A viseme is any of several speech sounds that look the same, for example when lip reading (Fisher 1968). Visemes and phonemes do not share a one-to-one correspondence. Often several phonemes correspond to a single viseme, as several phonemes look the same on the face when produced, such as /k, ɡ, ŋ/, (viseme: /k/), /t͡ʃ, ʃ, d͡ʒ, ʒ/ (viseme: /ch/), /t, d, n, l/ (viseme: /t/), and /p, b, m/ (viseme: /p/). Thus words such as pet, bell, and men are difficult for lip-readers to distinguish, as all look like /pet/. However, there may be differences in timing and duration during actual speech in terms of the visual 'signature' of a given gesture that can not be captured with a single photograph. Conversely, some sounds which are hard to distinguish acoustically are clearly distinguished by the face (Chen 2001). For example, acoustically speaking English /l/ and /r/ can be quite similar (especially in clusters, such as 'grass' vs. 'glass'), yet visual information can show a clear contrast.
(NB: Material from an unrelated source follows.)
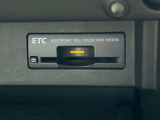 【純正ビルトインETC】装備済み☆長距離ドライブの必需品!高速道路の料金所も楽々通過できますね♪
This is demonstrated by the more frequent mishearing of words on the telephone than in person. Some linguists have argued that speech is best understood as bimodal (aural and visual), and comprehension can be compromised if one of these two domains is absent (McGurk and MacDonald 1976).
Visemes can often be humorous, as in the phrase "elephant juice," which when lip-read appears identical to "I love you."
Applications for the study of visemes include speech processing, speech recognition, and computer facial animation.